# Indecisive about Hubby, need some advice.



## AlwaysThinkingMaybe (Jan 31, 2011)

The last few weeks, I've found myself reading just about anything I can find one relationships and more specifically divorce, and came upon this site. I considered replying to the "No longer in love with hubby" thread but really didn't want to hijack Trubie's post, still so much that was said from everyone here inside that thread leads me to believe there are people here who might relate to my situation and offer some objective feedback.

I've been married over 15 years. We have children. We are a very small family unit and have pretty much been each others sole friendship/support over these years.

I've considered leaving several times in the past, in fact only recently came upon a letter I wrote three years ago, but never handed him. I read that letter and realized that nothing really has changed at all in these past three years. 

He's not the man I married anymore, far from it and in the past when I tried to talk with him about our problems, he'll close up and get defensive. Rather than hear my requests to try and change the way we treat each other, he hears that he's the only one at fault (Which I know he is not) and shuts down. If I don't stop the discussion, even later apologize for fighting with him, then peace never returns.

For the record, I'm sure there are things about me that are hurting our relationship too. It's almost cyclical. Like the further we grow apart the less we try.

So onto the indecisive part. I want to leave, I know that I could end up alone for the rest of my life and still probably be happier than I am. But I don't want to hurt him, and he has estranged himself from most of his family and friends so I'm very concerned about putting him in that situation. I'm worried about how we'll deal with the house and the kids and the entire thing just seems so overwhelming. 

I am most concerned by the fact that I have thoughts about his diminishing health and what freedom I might someday have were I to outlive him.

I've sort of spent the last year resigned to the fact that this is the life I have. Until recently, when a friend began to point out it didn't have to be this way. A friend who I am very concerned is turning into an emotional affair for me, pointedly calling out all the things that are absent in my current life (happiness, sex, emotional support, independence, shared visions of life after the kids, even long term health).

I am keenly aware that I am walking a thin line and need to make decisions based solely on what I want, as if this friend did not exist. But I don't think I have the objectivity to do so.


----------



## Janie (Apr 10, 2010)

AlwaysThinkingMaybe said:


> I am keenly aware that I am walking a thin line and need to make decisions based solely on what I want, as if this friend did not exist. But I don't think I have the objectivity to do so.
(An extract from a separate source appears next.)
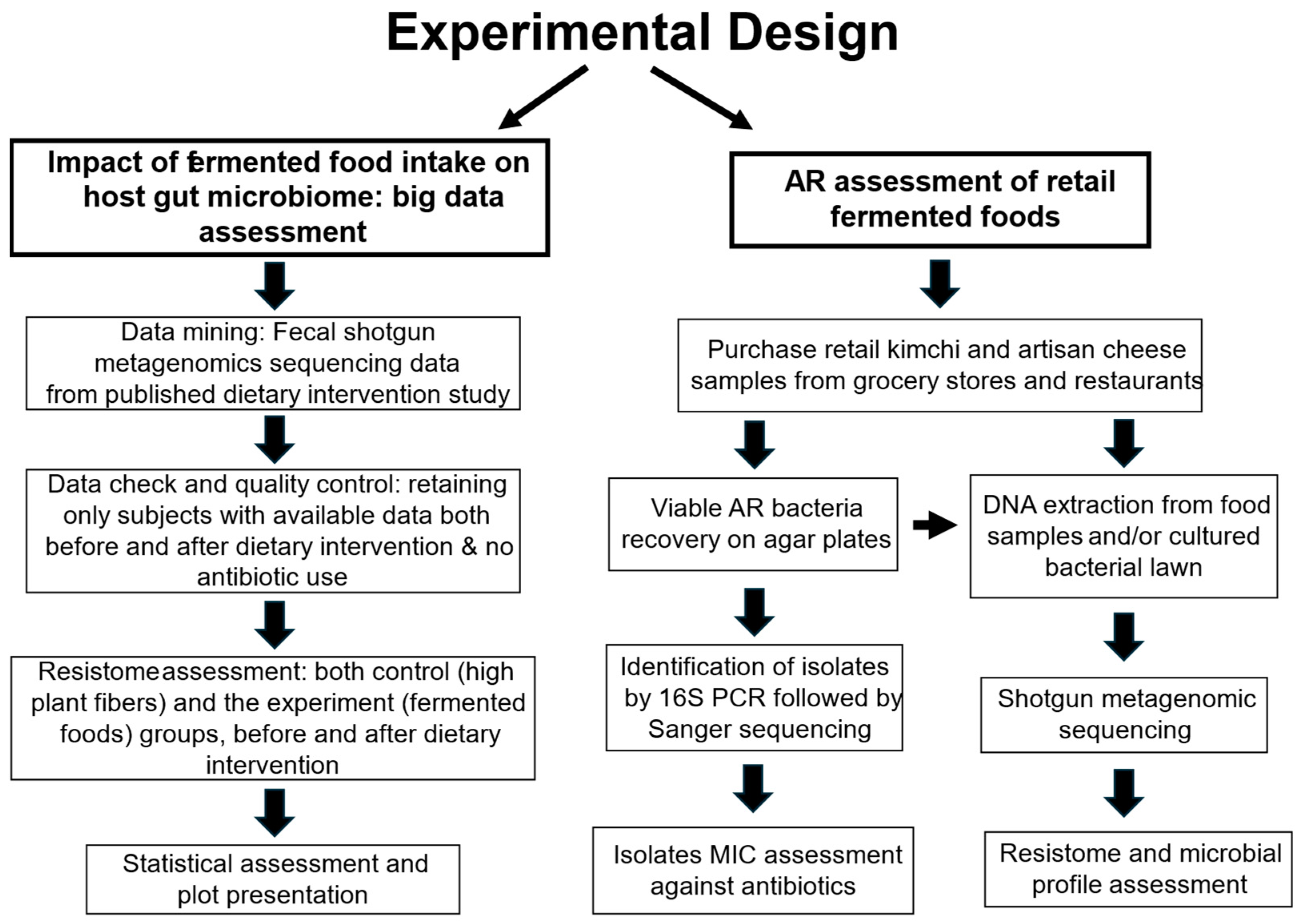 Microorganisms 12 01433 g001 Microorganisms 12 01433 g001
You know the answer already. You have to disengage from your 'friend' and put the focus back on your marriage. 

You have not described the areas of difficulty in your marriage (at least not in this thread), so it will probably be tough to give you any advice. You say he is not the man you married... what does that mean?

He has estranged himself from most of his family and friends. Why?

Have you ever tried counseling?


----------



## Janie (Apr 10, 2010)

AlwaysThinkingMaybe said:


> I've considered leaving several times in the past, in fact only recently came upon a letter I wrote three years ago, but never handed him. I read that letter and realized that nothing really has changed at all in these past three years.


Wow - I missed that the first time through! What attempts have been made in the past 3 years attempting fix the problems?


----------



## AlwaysThinkingMaybe (Jan 31, 2011)

Yes, I was pretty vague about the issues, was trying hard to keep this post anonymous.
There are so many things; small in size that layered on top of each other creates a great big pile of problems.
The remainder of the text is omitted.